~はじめに~


私は小さな工務店に勤める、ただのおじさんである。

私は幼い頃から、不思議なことが大好きだった。

中でも、おとぎ話によく出てくる、魔法使いや「魔法」は

特に憧れた。

 もちろん今でも、不思議な事は大好きである。

 だから、昼休みに、こうしてパソコンを開いているのだ。

「~謎の小部屋~ ミステリアスおじさん」

こんなブログを書いているのも、不思議が大好きだからである。


しかし、私の書くブログは、ちっともアクセスされない。

素人が書いているブログだからか。いや、ちがう。

私が、意味の解らない文章ばかり掲載するからだろう。

しかし、今。私は、ある人からのコメントを見ていた。

初めて貰ったコメントである。差出人の欄に、名前は無かった。


「君はまだ魔法が生きていることをご存じかい?

 まだ魔法は生きている。魔法を信じる者がいる限り、魔法は生きる。

 しかし、この科学の時代。魔法は消えつつある。

 君は魔法を信じるかね? もしも信じるのであれば、会いにおいで。

 最後の魔法の輝きを、その心で感じるがいい。

 場所は○市○町の7-7だ。待っているぞ。」


私は、そのコメントに心を奪われた。

幼い頃に、夢見た魔法に、会えると言うのだ。

幸い、その場所は、自宅と職場の中間地点で、自転車で

10分程である。

もしかしたら、悪戯かもしれない、このコメントを私は信じた。

本気で信じたのである。

だが、いつ、その場所へ行けばいいのかは書かれていない。

私は、仕事を持つ男だ。
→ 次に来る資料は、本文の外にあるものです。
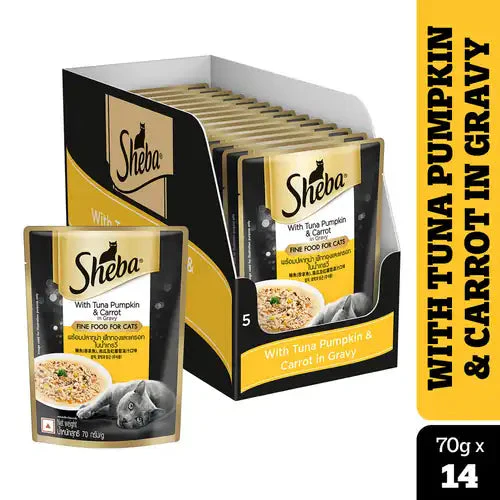 Sheba Tuna Pumpkin & Carrot In Gravy Rich Premium Adult Fine Cat Wet Food - Image 6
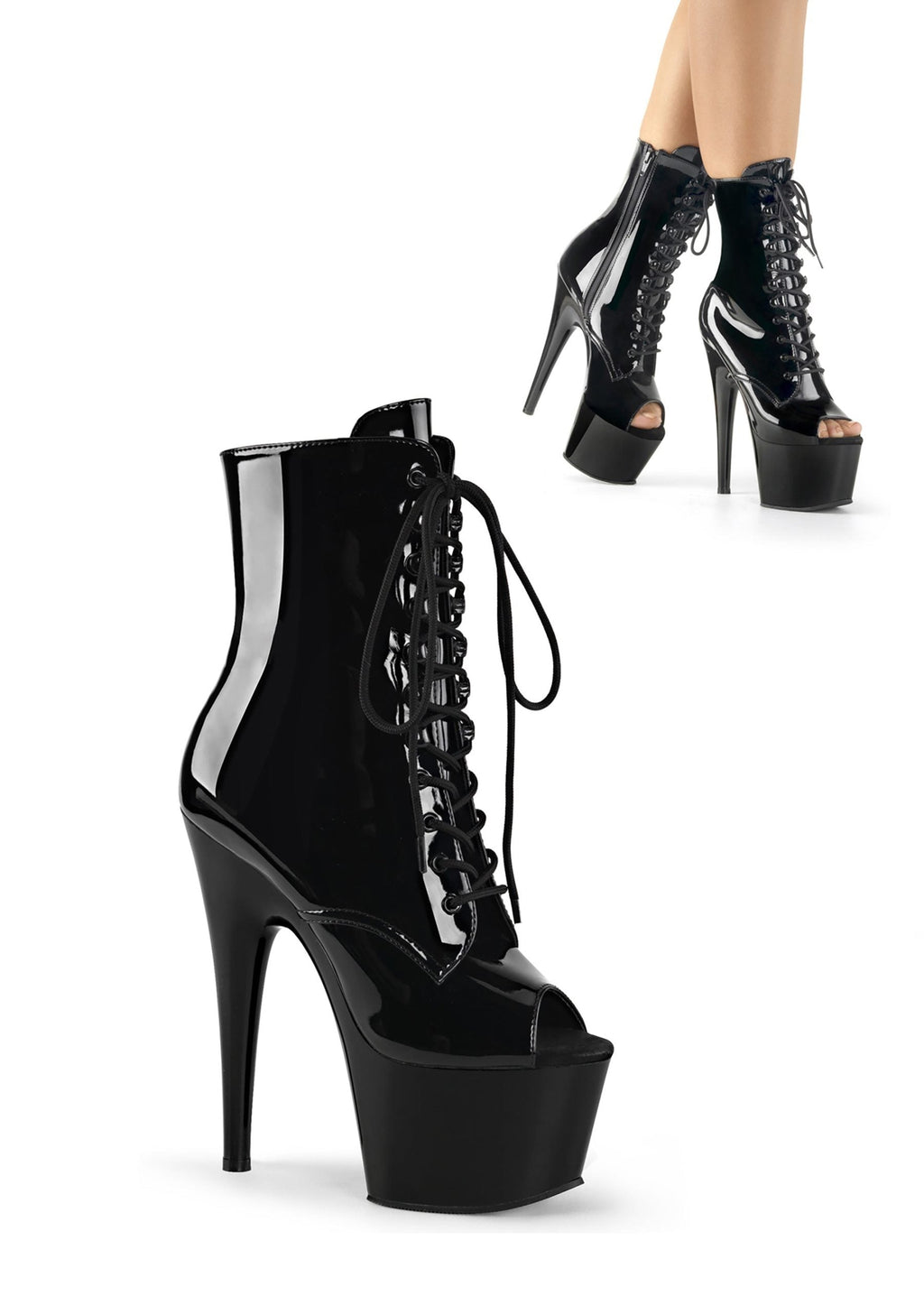Adore-1021 Platform Peep Toe Ankle Boots-Black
責任がある。

月曜から金曜は工務店へ行かなければいけない。

………。では土日だけでもいいじゃないか。

もし、このコメントが悪戯だったとしても、送信者に

一目会ってみたい。今日は、木曜日だ。

明日は、仕事が短い。帰りに、少し寄って行って、

場所だけでも調べておこう。


私は、好奇心だけで、行動しようとしていた。

別に、危険な事をする訳じゃない。

最近は、インターネット絡みの事件も多いが、

あのコメントからは、優しいオーラが漂っていた。

危険な事は何ひとつ無いじゃないか。

何。一目、送信者に会えればいいさ。

言い訳かもしれないが、私はそう自分に言い聞かせた。


こうして私は、自分自身の好奇心のために

ものすごく奇妙で、不思議な体験をする羽目に合う。

しかし、ここからは語り手をあの少年に譲ろう。

私が、このコメントの場所にたどり着いた時、出会った少年に…。